Thanks for listening to your fans (i.e., me).
~ D-FensDogg
'Loyal Amrican Underground'
Thank you for making me laugh so much. This is the best V-Day post I've ever seen. I think I love you guys. I have an arrow protruding from my butt to prove it.
ReplyDeletexoRobyn
That is fucking hilarious, because it's so true! I don't do V-Day. Or V-D, for that matter.

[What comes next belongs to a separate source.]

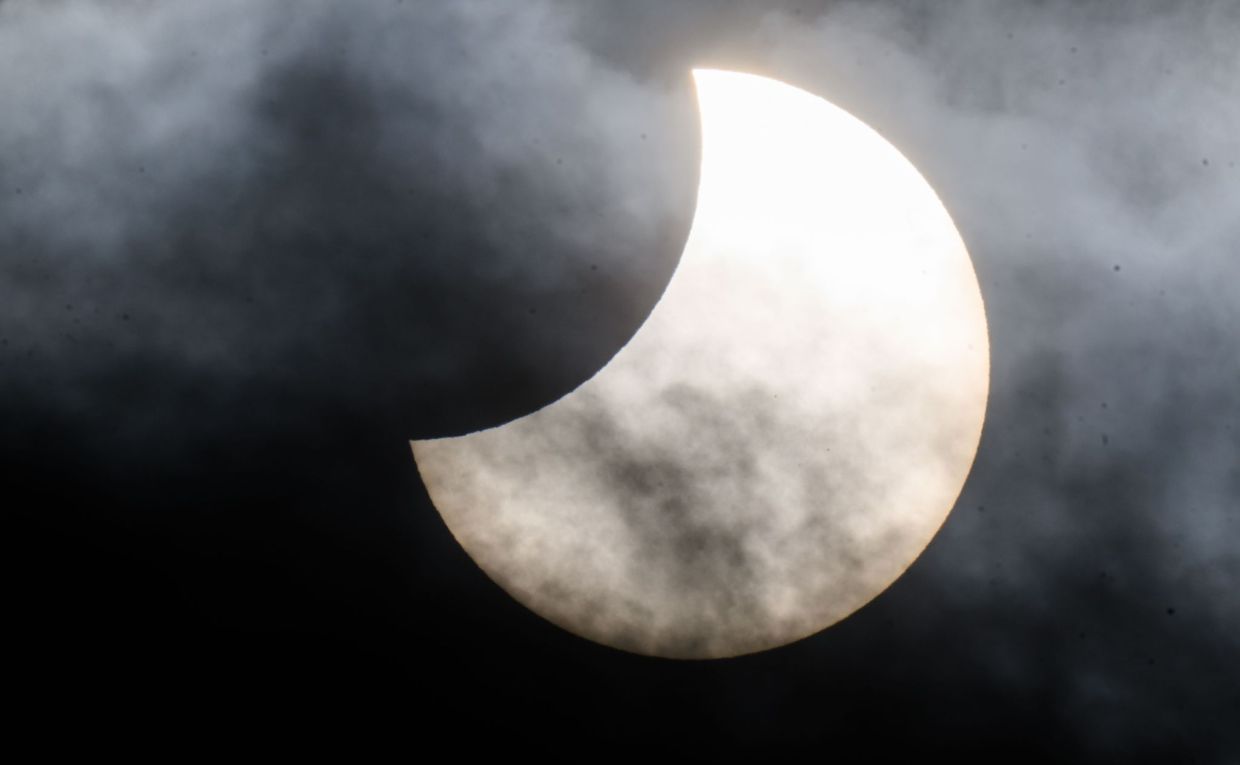 August's Twin Celestial Events: How to Photograph Eclipses Safely With Your Smartphone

ReplyDeleteThis is so true. Also, hilarious, but mostly all I can think is "wow, that's completely accurate". Falling in love sounds a lot scarier when it's because you were drunkenly shot with an arrow though. Edward's hair freaked me out because it was exactly like Edward's hair.
ReplyDeleteAh, I think I got hit by Cupid's twin. V-Day is a crazy day. For years, I hated it because of all the lovey dovey couples and I even avoided social networks. Even though I'm not single, I still think it's just another day.
ReplyDeleteYou're right Jeremy Renner definitely spent Valentine's Day writing poems about archery and masturbates watching Robin Hood (the Kevin Costner version, obviously...or maybe the Disney version with the cartoon fox). I always enjoy when Cupid pairs the morbidly obese person with the hyper anorexic person. It's almost as enjoyable as a fat guy on a scooter.
ReplyDeleteReading after a long time lol
ReplyDeleteFun as hell as usual xD
Ha! Goood stuff, as always!! DOn't eat all that chocolate in one sitting OK?! :)
ReplyDeleteHey guys, drop by my blog for good news. And please email me (Rawknrobyn@aol.com) with an address or POB - yours, preferably. ;->
ReplyDeletexoRobyn
Hi good post for valentines day special i think renner spent anchery nice post i love it keep up your good work doing
ReplyDeleteDamn Valentine's Day. I hate it. HATE it.
ReplyDeleteEgad! I have just stumbled across you boys and darn and confound it but you are darn rib tickling!
ReplyDeleteYou had me at, "I fell in love with my food." Win. Subscribed.
ReplyDeleteI guess I could be worse off. And thanks for your advice on my post. That was the sort of thing I needed to hear and I'll definitely keep that in mind.
ReplyDeleteThat being said, Theresa has no interest in dating anymore, period. Even before we started dating she was kind of asexual and maybe it came back.
Personally, I think Richard deserves Diamond Baby. May they RIP.